Katarina Barley: German justice minister taking on social media
The German justice minister says she wants Europe to unite and become stronger, as she eyes tougher regulations on tech companies.
Ms Barley, 49, is the top candidate for Germany's centre-left Social Democrats.
She is an experienced politician who holds both German and British citizenship.
She used the European election campaign to talk about data privacy, calling on tech giants such as Facebook and Amazon to do more or face fines.

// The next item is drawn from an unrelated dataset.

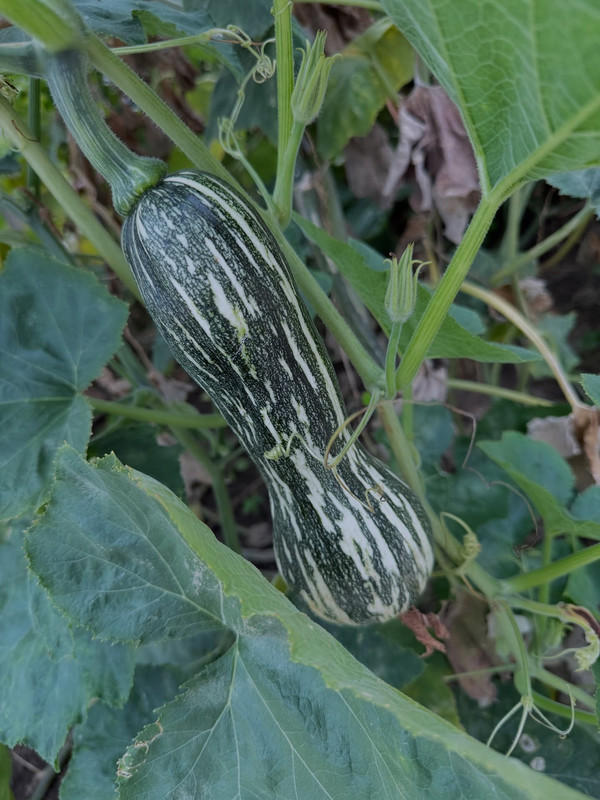 513271653-18511133128011325-9077145547022522152-n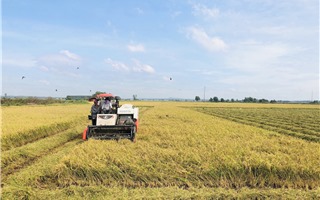 BR-VT: Cơ giới hóa nông nghiệp và ứng dụng công nghệ sau thu hoạch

Ska Keller: German Green vowing to battle corporations
She became the first Green "Spitzenkandidat" (top candidate) in the 2014 European elections, and now she's eyeing a second shot at the top spot - European Commission President.
Ms Keller, 37, has been an MEP since 2009. She has a master's in Islamic Studies, Turkology and Jewish Studies.
She has long campaigned against corruption in the EU, and promotes policies that protect the environment.
Peter Lundgren: Swedish nationalist facing abuse allegations
The top candidate of the nationalist Sweden Democrats (SD) was caught up in allegations of sexual harassment during the campaign.
Mr Lundgren is a former truck driver who has been an MEP since 2014.
His party was the most critical of the EU in Sweden's election, but currently calls for reforms rather than leaving the bloc.
The party champions anti-immigrant policies, blaming a rise in sexual attacks reported to police in Sweden on increased immigration.
Swedish prosecutors have opened an investigation into allegations that Mr Lundgren sexually harassed a party colleague.
He has admitted improper behaviour, blaming alcohol, but has reportedly not been disciplined by his party.
Jorge Buxadé: Spanish lawyer with a controversial past
The Catalan lawyer, 44, says he wants to disrupt things in Brussels but is less eager to discuss his past links to fascism.
The far-right Vox party, for whom he is the lead candidate, opposes Catalan independence and promotes Spanish nationalism.
The new party has enjoyed a recent surge in support in Spain.
Critics describe it as a nationalist throwback to the dictatorship of Francisco Franco.
In the 1990s, Mr Buxadé twice stood as a candidate for Falange Española - a nationalist group founded in the 1930s that was influenced by Italian fascism.
In an interview with Politico, he said he had "gone through a whole intellectual evolution" since then.